== ASSIGNED TASK ==
Could you transcribe exactly the lines from the one containing "難解な腐女子の4コマ(モブ攻めの良さとは)です" through the end of the listing below, both included, but none of the pictures?

##### GIVEN ENTRIES

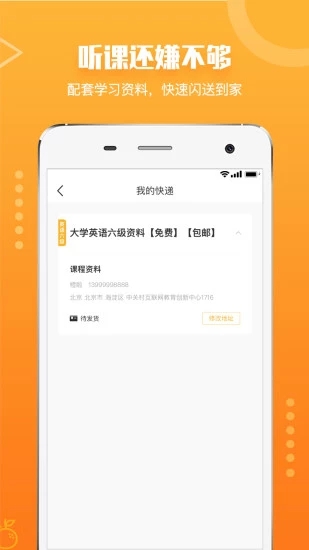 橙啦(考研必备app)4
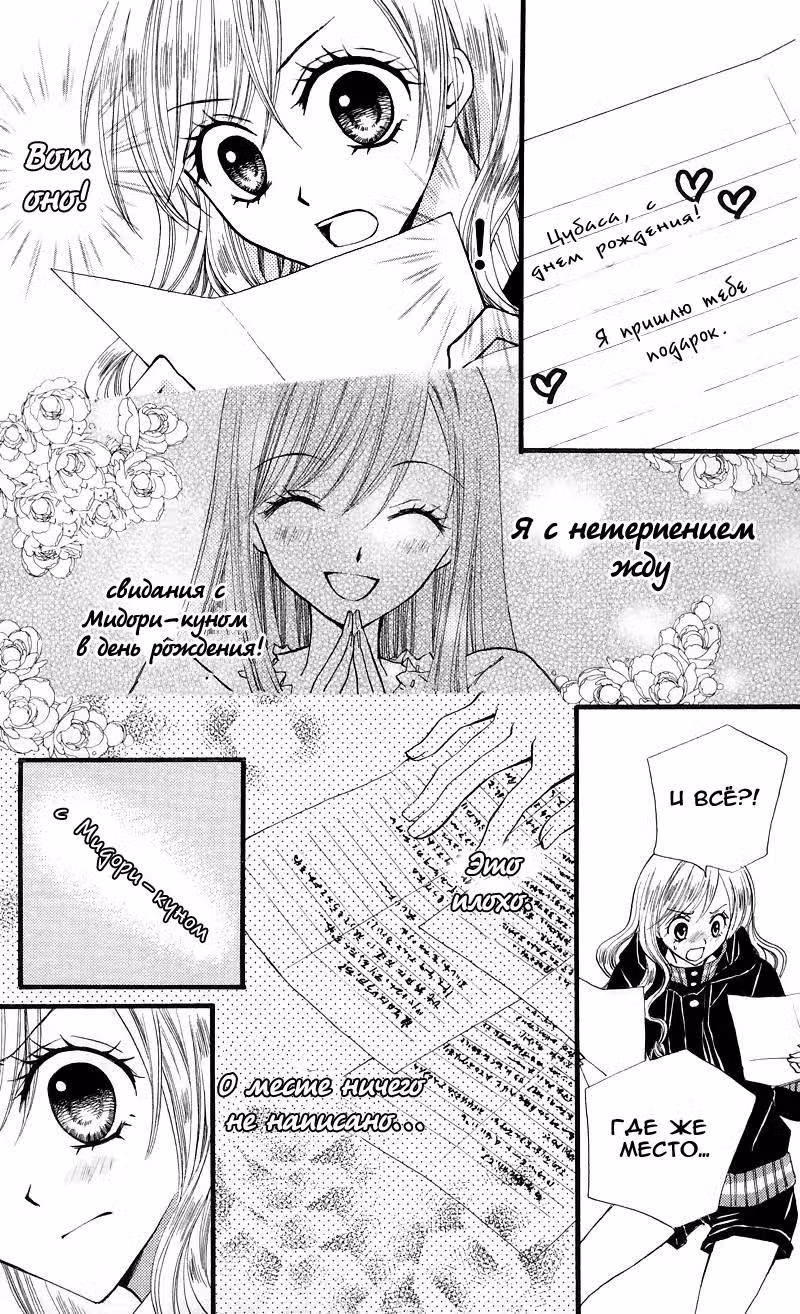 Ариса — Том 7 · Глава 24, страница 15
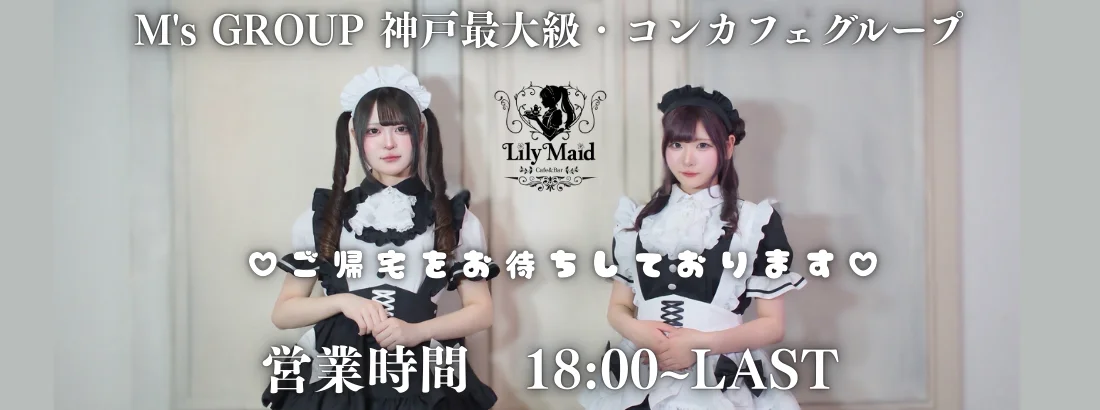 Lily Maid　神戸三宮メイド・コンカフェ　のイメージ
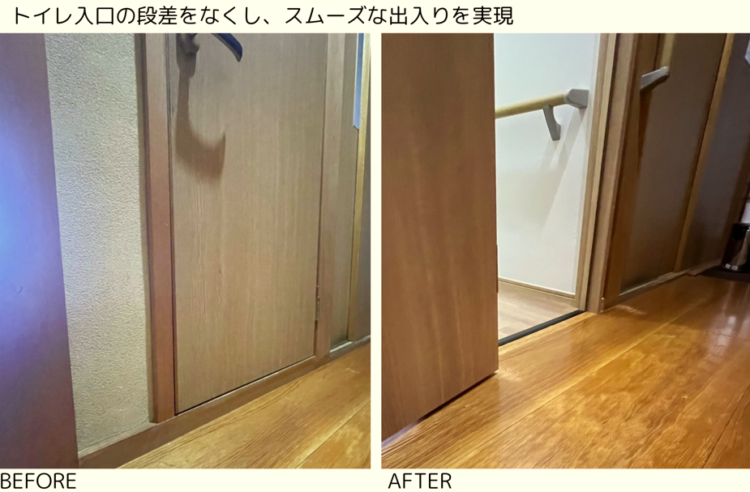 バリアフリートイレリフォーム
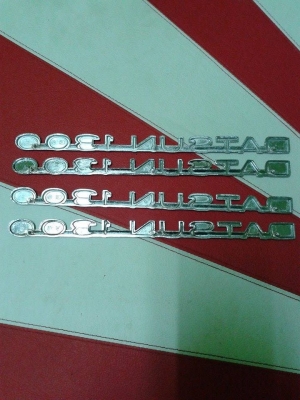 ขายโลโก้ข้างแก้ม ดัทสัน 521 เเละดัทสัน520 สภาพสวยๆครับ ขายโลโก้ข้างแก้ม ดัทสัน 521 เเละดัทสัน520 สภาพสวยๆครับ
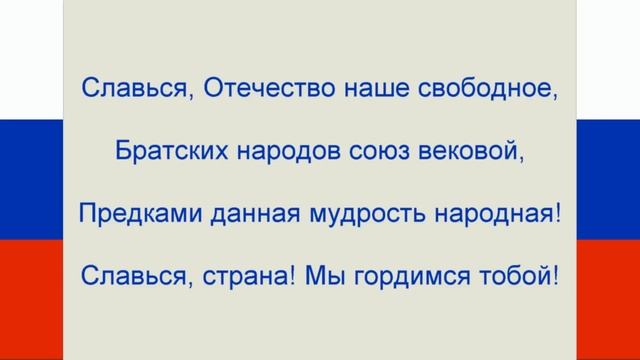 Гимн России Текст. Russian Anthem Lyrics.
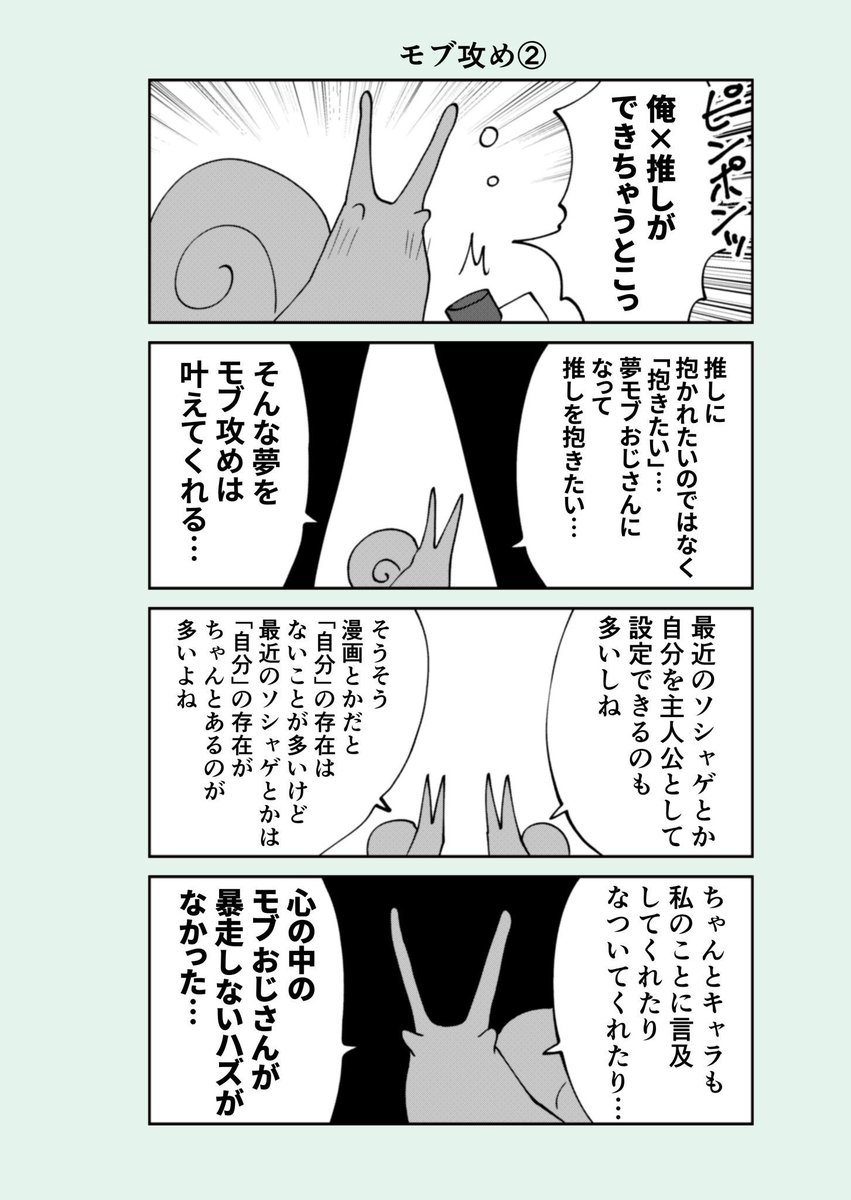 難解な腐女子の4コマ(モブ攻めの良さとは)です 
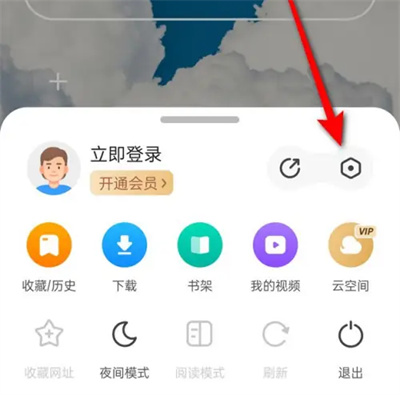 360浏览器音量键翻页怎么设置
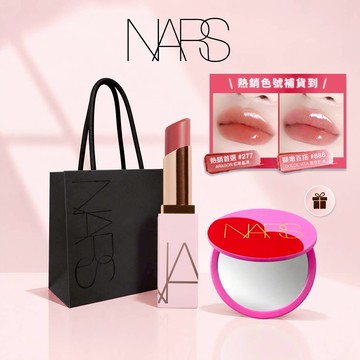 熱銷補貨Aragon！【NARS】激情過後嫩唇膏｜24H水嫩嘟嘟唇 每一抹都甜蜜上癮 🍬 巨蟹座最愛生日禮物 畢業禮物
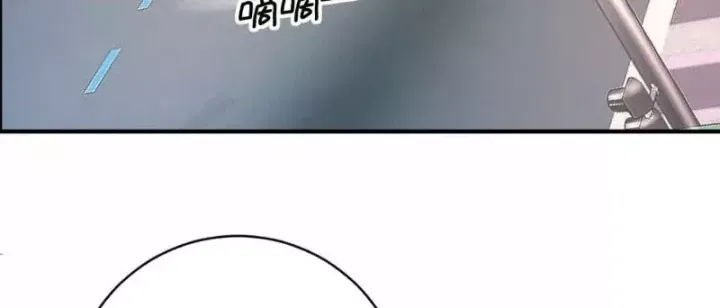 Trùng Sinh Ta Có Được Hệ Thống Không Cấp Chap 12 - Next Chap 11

##########

== REPLY TO THE EXERCISE ==
 難解な腐女子の4コマ(モブ攻めの良さとは)です 
 360浏览器音量键翻页怎么设置
 熱銷補貨Aragon！【NARS】激情過後嫩唇膏｜24H水嫩嘟嘟唇 每一抹都甜蜜上癮 🍬 巨蟹座最愛生日禮物 畢業禮物
 Trùng Sinh Ta Có Được Hệ Thống Không Cấp Chap 12 - Next Chap 11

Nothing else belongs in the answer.